##### Dataset records #####

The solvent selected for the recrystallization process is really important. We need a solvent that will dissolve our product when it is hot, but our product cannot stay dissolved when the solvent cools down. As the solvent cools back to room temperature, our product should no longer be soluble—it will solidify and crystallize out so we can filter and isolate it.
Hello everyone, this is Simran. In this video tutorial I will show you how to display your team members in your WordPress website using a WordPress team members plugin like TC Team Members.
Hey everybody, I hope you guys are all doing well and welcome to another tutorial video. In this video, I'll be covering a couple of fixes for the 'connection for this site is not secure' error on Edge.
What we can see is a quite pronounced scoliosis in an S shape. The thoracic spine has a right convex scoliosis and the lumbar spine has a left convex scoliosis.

#####
##### Dataset records #####

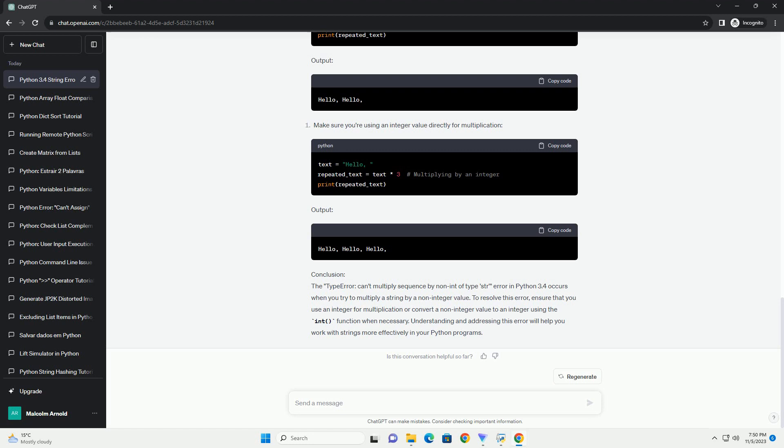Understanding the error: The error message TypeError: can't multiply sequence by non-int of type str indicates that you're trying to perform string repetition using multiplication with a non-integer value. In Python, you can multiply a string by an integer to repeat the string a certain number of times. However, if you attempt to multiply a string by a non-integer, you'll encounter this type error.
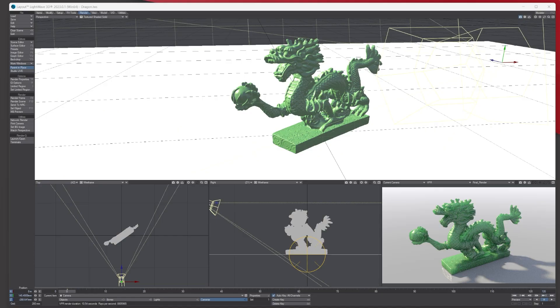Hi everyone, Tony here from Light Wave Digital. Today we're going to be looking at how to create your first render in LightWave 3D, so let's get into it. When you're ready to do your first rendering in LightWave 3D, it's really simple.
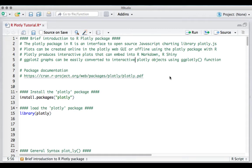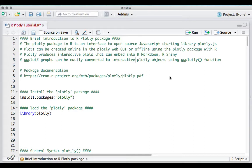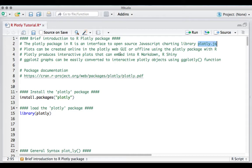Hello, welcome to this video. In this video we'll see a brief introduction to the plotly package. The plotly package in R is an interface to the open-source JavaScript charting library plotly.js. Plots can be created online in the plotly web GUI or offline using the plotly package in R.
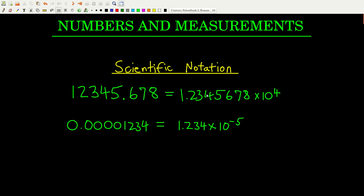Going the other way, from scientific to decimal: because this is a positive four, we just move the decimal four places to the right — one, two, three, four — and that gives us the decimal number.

#####

_What you are asked to do_
Write out only the lines that run from the line containing "Hey everybody, I" through the line containing "What we can", both included, exactly as they appear above.

_Solution for this task_
Hey everybody, I hope you guys are all doing well and welcome to another tutorial video. In this video, I'll be covering a couple of fixes for the 'connection for this site is not secure' error on Edge.
What we can see is a quite pronounced scoliosis in an S shape. The thoracic spine has a right convex scoliosis and the lumbar spine has a left convex scoliosis.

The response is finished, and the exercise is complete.